In 2008, James Smith received a phone call from a woman who had just read his book, Ireland’s Magdalen Laundries and the Nation’s Architecture of Containment, which describes the history of the Roman Catholic Church’s institutions for “fallen women” throughout Irish history.
Recognizing her own story in the text, the woman asked Smith, an associate professor of English and Irish Studies at BC, “What are we going to do about this?”
“So suddenly, an academic intellectual project took on a different character, [a] more advocacy and activism role,” Smith said. “At each turn, as the five of us began working to try and affect justice, and to bring about redress and an apology.”
On Thursday, Nov. 4, Boston College’s Irish Studies department hosted a virtual book launch for Ireland and the Magdalene Laundries: A Campaign for Justice, a new book co-authored by Smith.
This book, according to Smith, is a record of the campaign that a group of academic activists fought on behalf of women—an estimated 30,000—who endured human rights violations while housed in the infamous Magdalene institutions.
Speculation about the laundries began in 1993, when 155 unmarked graves were discovered on the grounds of one of the secretive institutions. The laundries were said to house “fallen women,” a term that included prostitutes, women who had sex outside of marriage, and pregnant, unmarried women, among others.
Ireland issued a formal state apology 20 years later, in February of 2013.
“Part of [Ireland’s] history is a history of institutionalizing particularly women and children, vulnerable people, as a way to maintain social control … around issues of perceived morality,” Smith said.
The daily routine of the laundries, which were run by Catholic nuns, encompassed silence, prayer, and work without compensation, according to Smith.
“So they use the term ‘slavery’ in bringing a case against the Irish state, first of all, to Ireland’s Human Rights Commission in 2010, and then to the United Nations Committee Against Torture in 2011,” Smith said. “So these are the human rights violations, arbitrary detention, forced and compulsory labor, and cruel and unusual treatment.”
Though some survivors received lump-sum payments from the Irish government after the United Nations urged redress for survivors, the effects of these institutions are still present and need to be addressed further, according to Moynagh Sullivan, a visiting professor in the Irish Studies program and the moderator of the event.
“Ireland’s Magdalene Laundries continue to disturb contemporary society precisely because this history has not yet been fully acknowledged and integrated, nor has a meaningful restorative justice and redress been fully implemented,” she said.
Attendees at the virtual book launch on Thursday morning discussed the significance of studying the laundries and how Ireland and the Magdalene Laundries: A Campaign for Justice supports the advocacy of victims and survivors.

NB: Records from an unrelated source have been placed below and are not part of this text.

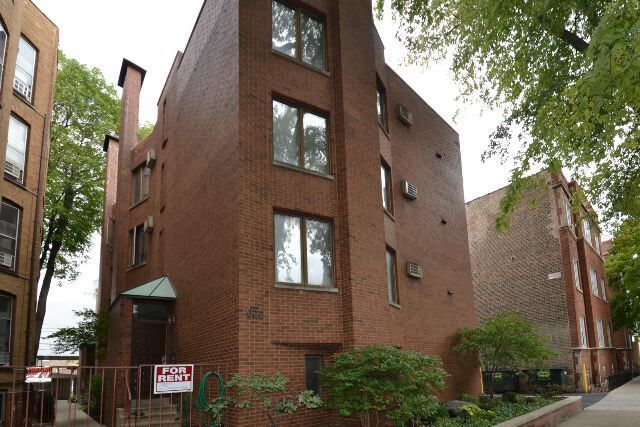 Building Photo - 632 W Wellington Ave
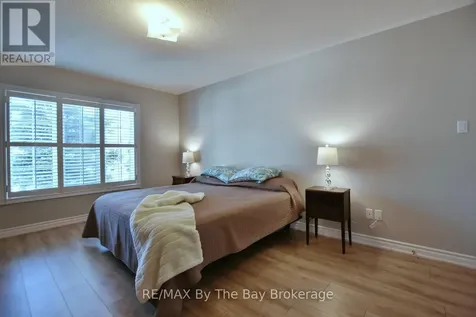 4 Anthony Street Wasaga Beach ON L9Z 2N4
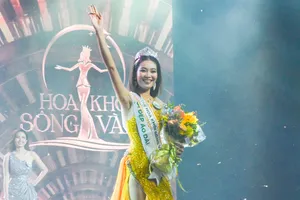 Thí sinh Huỳnh Đào Diễm Trinh đăng quang Hoa khôi Sông Vàm năm 2022
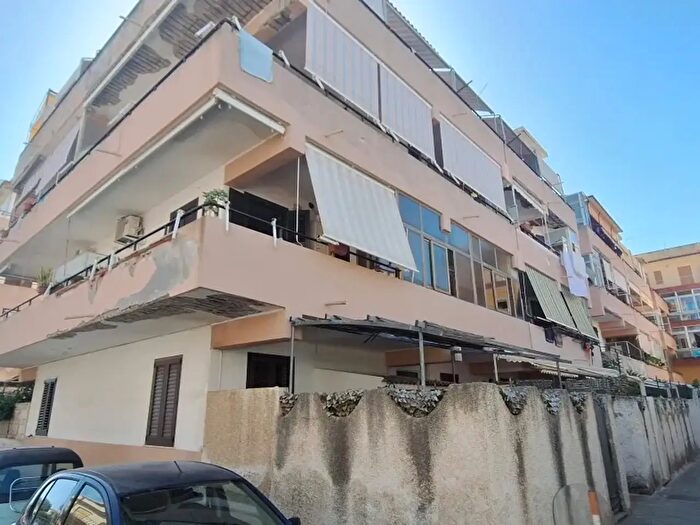 Appartamento bilocale in affitto in Via Garibaldi b, Spadafora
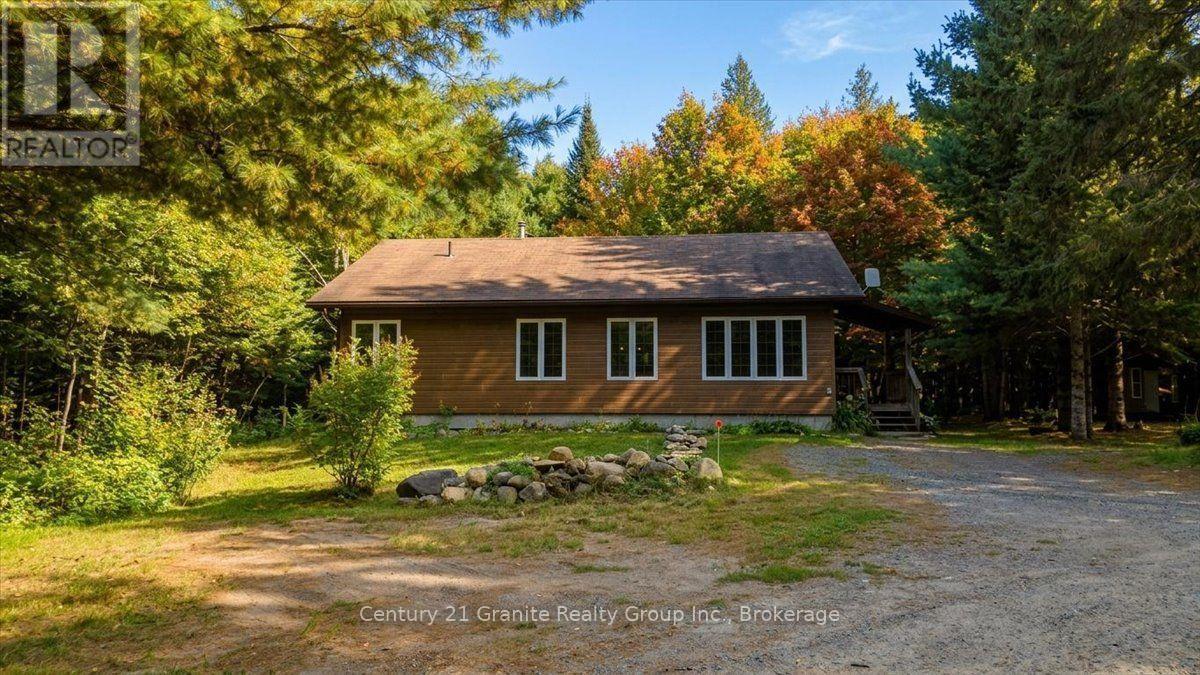 649 Madawaska Road, Hastings Highlands (Wicklow Ward), Ontario  K0L 2S0 - Photo 3 - X13822812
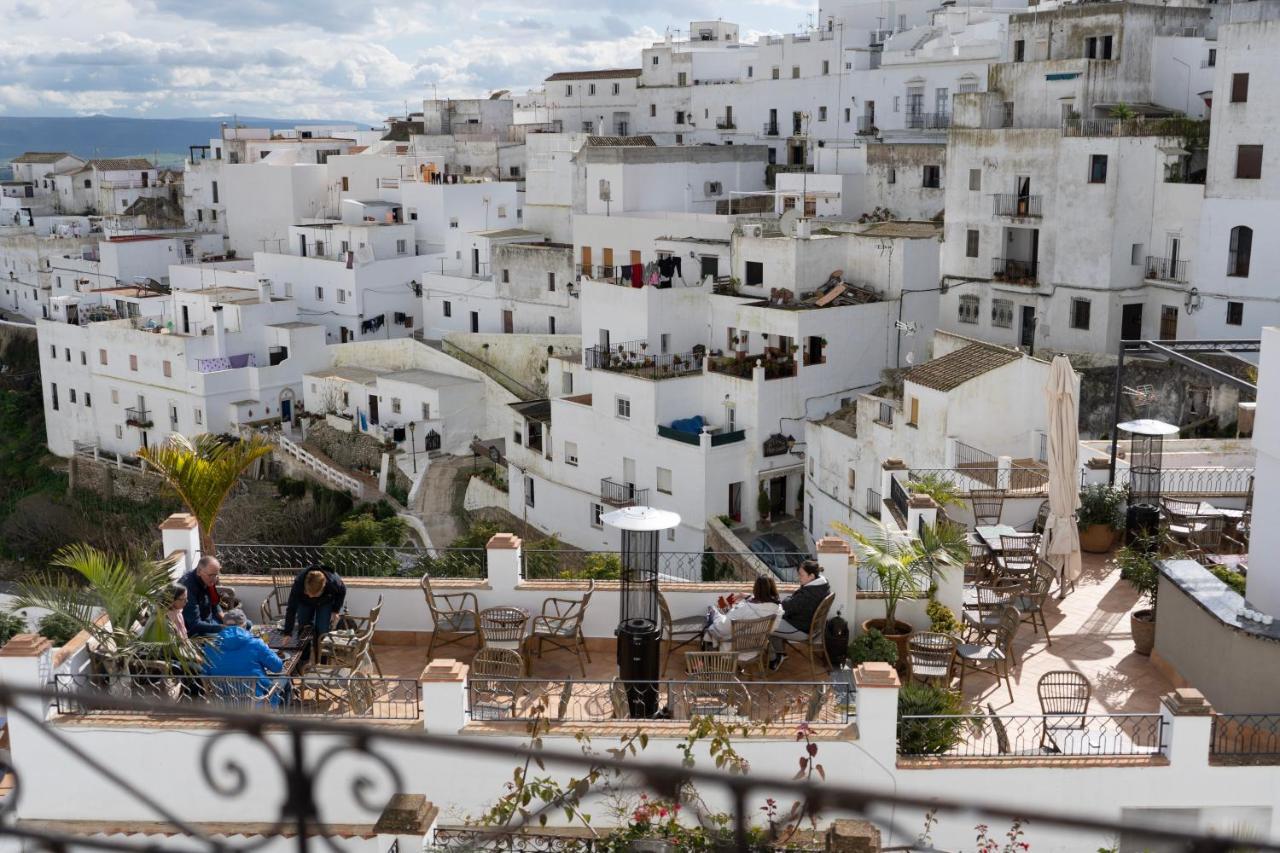 Hotel Plaza 18 - Grupo Califa Vejer de la Frontera Exterior photo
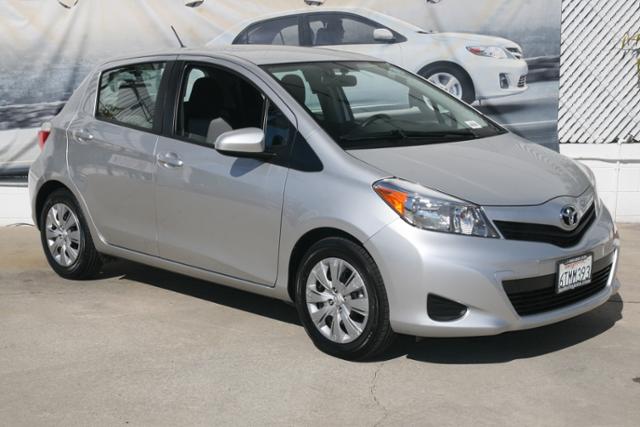 Toyota Yaris 2012 photo 3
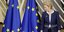 Η Ούρσουλα φον ντερ Λάιεν κοιτά τις σημαίες της ΕΕ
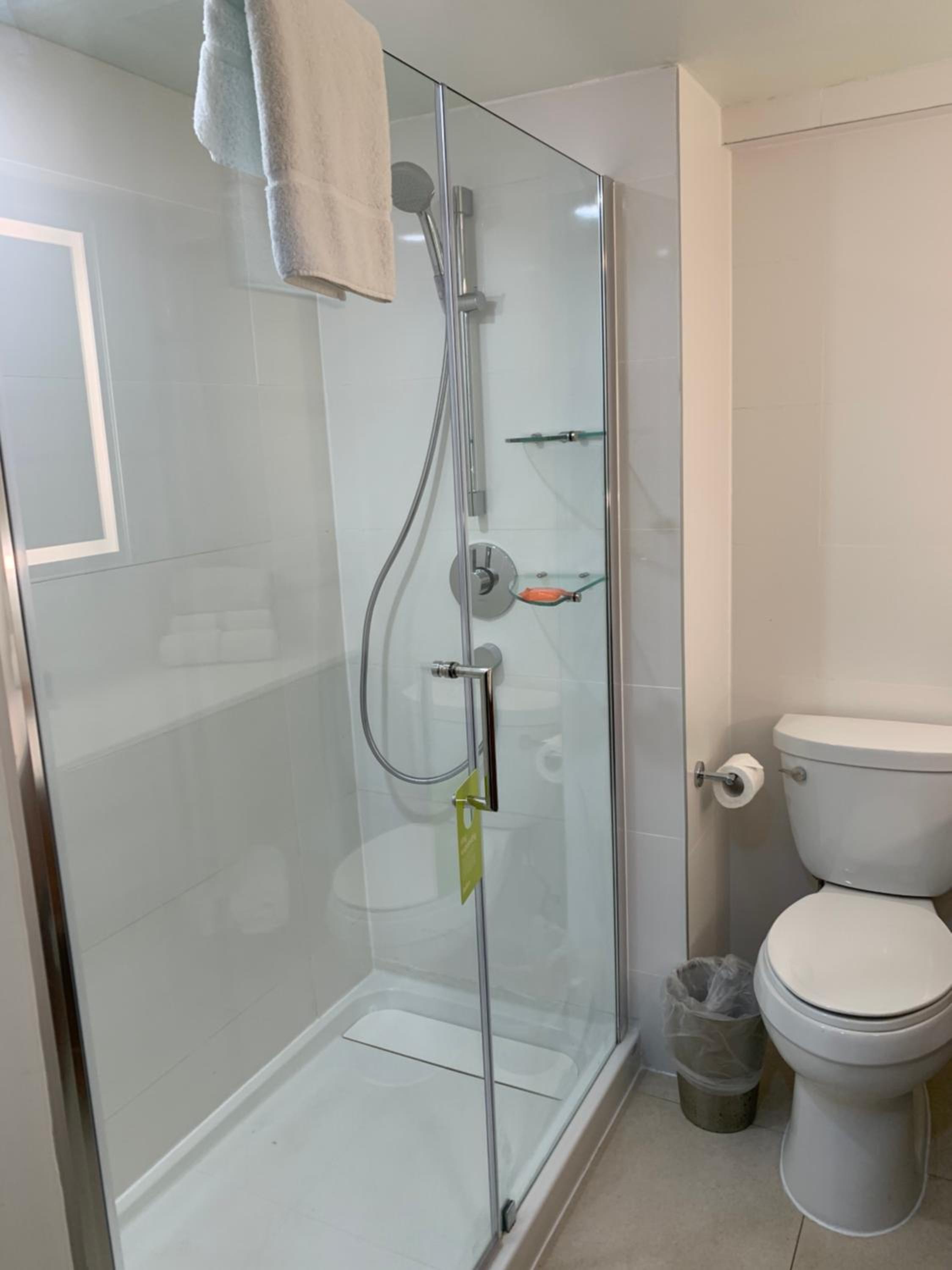 Double Room With Two Double Beds - Photo 11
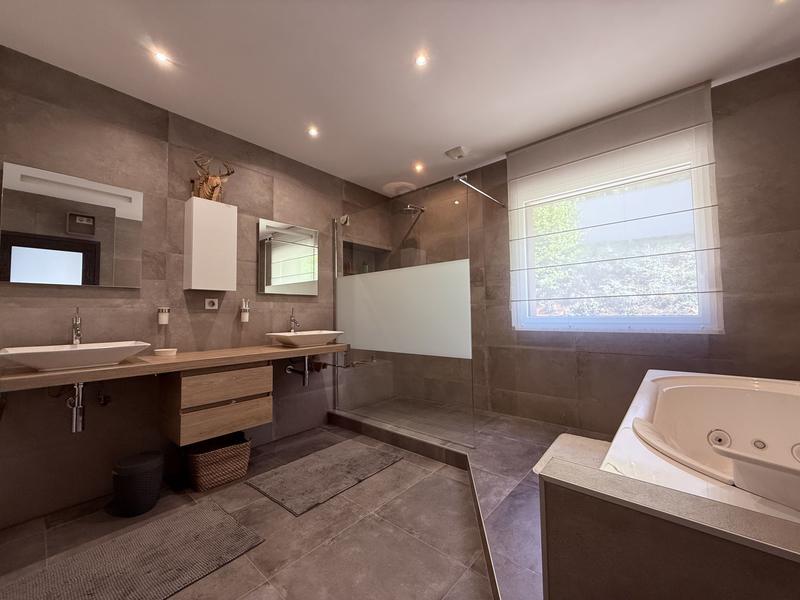 Maison - 218 m² - 6 pièces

“This book makes a critical contribution to our understanding of contemporary Irish history,” said Robert Savage, Irish historian and director of the Irish Studies program at BC. “It will be essential reading for anyone coming to terms with the social, political, and cultural history of 20th century Ireland.”
Savage introduced several other speakers during the launch, including Claire McGettrick, Katherine O’Donnell, Maeve O’Rourke, and Smith, all of whom collaborated on the Magdalene research, according to Savage.
Sullivan said the book is a meticulous history that begins with the Justice for Magdalenes Research’s social justice campaigns that were started by survivors in 2003.
“Justice for Magdalene Research is an advocacy organization that successfully campaigned for a state apology in 2013 and restorative survivors in Ireland’s laundries,” Sullivan said.
Sullivan also said that the book is dedicated to the collective memory of those referred to as Josie Bassett, Martina Keogh, Mary Newsome, Kathleen R., Catherine Whelan, Beth, and all the survivors of and those who died in Ireland’s laundries.
Smith explained how books on the laundries have personally affected those impacted by the institutions, especially Whelan, who died in 2016.
“She had read my book, my first book on the laundries, and she started that phone call by asking how [I knew] her story.” Smith said. “That was her first response, because nobody knew. At that stage, Catherine was in her mid-70s and she hadn’t come across a reference to Ireland’s Magdalene Laundries in the 40-plus years that she had spent here in the United States.”
Sullivan said the book emphasizes the resilience of the survivors.
“‘I’m still there,’” Sullivan said. “These words spoken by Charlotte, a survivor of Ireland’s laundries, were referring to her continued institutionalization. This book meets that powerful, ‘I’m still there’ with the also powerful ‘I’m still here,’ platforming the continued insistence by survivors that their experiences’ need to shape national histories, appear in museums, and [become] grounded in national memorials.”